En la derrota de Kamala Harris se podrán tener en cuenta un sinfín de motivos que la explican, pero faltará a la verdad todo análisis que no tenga en cuenta el factor principal: es una mujer. También el segundo factor principal: es negra. Pero es fundamentalmente una mujer. El pueblo americano ha hablado y, antes de ser gobernado por una mujer, ha preferido ser gobernado por un macarra. Millones de mujeres lo han votado, naturalmente. Bueno, en esto consiste la democracia. La candidatura de Harris será ahora pasto de politólogos, sociólogos y estudiosos de mil y una disciplinas, pero es una lástima que haya fracasado porque era una propuesta que (a pesar de las contradicciones del establishment progre, y otras miserias que ahora serán minuciosamente despiezadas, porque no hay piedad con los perdedores) no dejaba de ser revulsiva: se trataba, volvemos a decirlo, de una mujer. Y exhibía actitudes como cordialidad, empatía, buenos modales e incluso buen humor, frente a la grosería, la prepotencia y el agror constante del trumpismo. Esto no es ninguna revolución (ahora las revoluciones las hacen los reaccionarios), pero sí que era interesante. Y necesario. Tras la victoria estallante de Trump (ha obtenido el poder absoluto), es previsible que Harris sea retirada del liderazgo demócrata, y que la suceda alguien que los spin doctors piensen que tiene más probabilidades de victoria en las próximas elecciones, es decir, un hombre blanco. Y con un discurso aún más conservador que el de Harris (no la llamo Kamala porque, a diferencia de casi todo el mundo, no la conozco personalmente).

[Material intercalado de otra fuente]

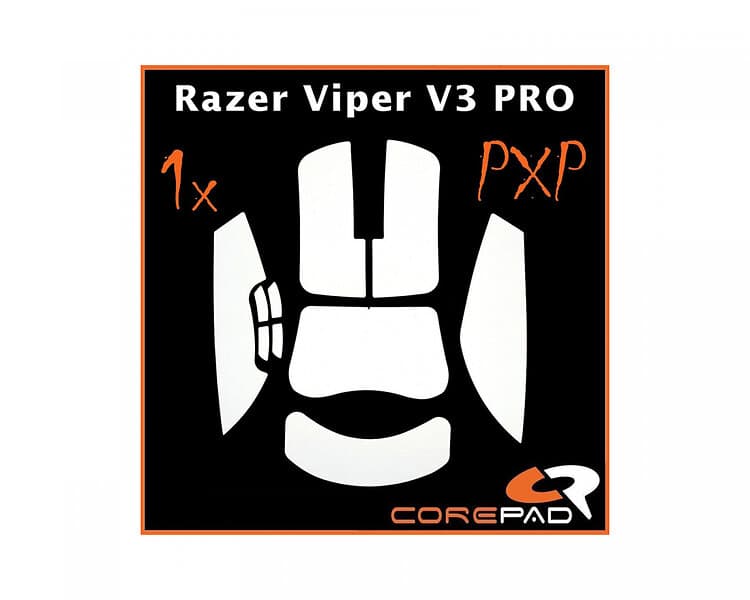 Corepad PXP Grips till Razer Viper V3 Pro Vit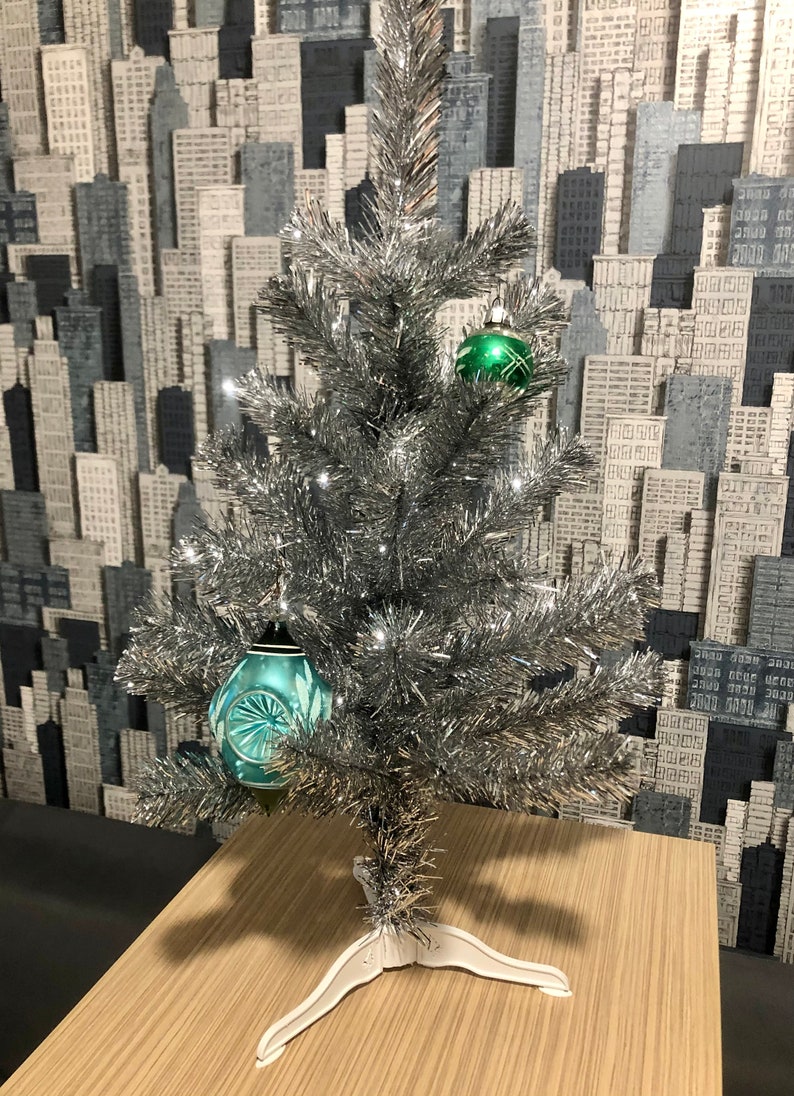 Aluminum Christmas Tree 24, Silver Christmas Tree, Handmade Xmas Decor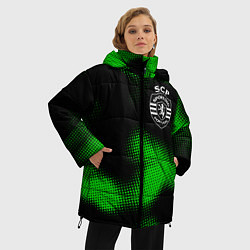 Куртка зимняя женская Sporting sport halftone, цвет: 3D-черный — фото 2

Que un presidente sea descabalgado del poder tras el primer mandato, y conquiste un segundo mandato después de cuatro años en la oposición que empezó animando a las multitudes para asaltar el Capitolio, es un hecho único en la historia política de Estados Unidos. Aparte de las consecuencias económicas y geopolíticas que tendrá la segunda presidencia de Trump, existe un mensaje social que se envía a todos los rincones de América y de Europa. Dice así: racistas, tenéis razón. Sionistas que negáis el genocidio a Gaza, tenéis razón. Nacionalistas fanáticos, tenéis razón. Machistas, violadores, agresores de mujeres, tenéis razón. Homófobos, tenéis razón. Negacionistas, tenéis razón. Chulitos, charlatanes, fanfarrones y milhombres, tenéis razón. Maleducados, tenéis razón. Resentidos con ganas de culpar al mundo entero de vuestras carencias, tenéis razón. El mundo es vuestro.
Una de las primeras felicitaciones que recibió Trump fue la del presidente ucraniano Volodímir Zelenski, que incluía esta frase: "Es la hora de los patriotas". Cierto, y es terrible. Significa un apagón general de las luces de la razón, y la supremacía de la emotividad y la víscera. Por patriotas debemos entender fenómenos tenebrosos como el propio Trump, u Orbán, o Meloni, o Le Pen, o Netanyahu, o Putin o el propio Zelenski. Debemos entender salvapatrias como Feijóo, Ayuso o Abascal, o los predicadores demagogos del independentismo catalán reaccionario. Nunca habían sido tan ciertas las palabras de Samuel Johnson: “El patriotismo a menudo es el refugio de los sinvergüenzas”.